Nick Clifford will begin a one-year Ostrom Fellowship in Fall 2023.
“Year after year we are excited to welcome extraordinary students into our fellowship program,” said Emily Castle, Ostrom Workshop Assistant Director and Librarian. “The program has broadened the involvement of schools, leading to more interdisciplinary student cohorts working together.”
With Clifford’s selection, one of those schools is now the Maurer School of Law.
Nominated by Professor Gabe Goodwin and encouraged to apply by Professor Dan Cole, Clifford will use the fellowship to study the political and legal theory of the Anti-Federalists.
“In my research I will explore what the Anti-Federalists had to say about complex governance, the rule of experts, the size of republics, and finally, the problem of perpetuating good institutions,” Clifford said.
Named after the late Nobel Laureate Elinor “Lin” Ostrom and her husband Vincent, their namesake workshop formally began as The Center in Political Theory and Policy Analysis a half-century ago. The Ostroms believed ideas and theories must be considered through the lens of experience—that the critical connection is between ideas and what gets done. The Workshop has become the epicenter of commons governance, with research affiliates from around the nation and the world, Castle said. Current research has expanded from studying water and forestry governance, to opera sustainability and space governance.
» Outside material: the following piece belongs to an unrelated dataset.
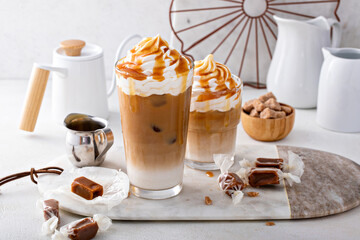 Iced caramel latte topped with whipped cream and caramel sauce - obrazy, fototapety, plakaty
Ostrom Fellows participate in the Workshop’s fall semester seminar and a service-learning project as well as attend the year-long Colloquium and Research Series.
Clifford earned his undergraduate degree in Law and Public Policy from Indiana University in 2020 before enrolling in the Maurer School of Law.
Clifford is currently a judicial extern with the United States Court of Appeals for the Ninth Circuit.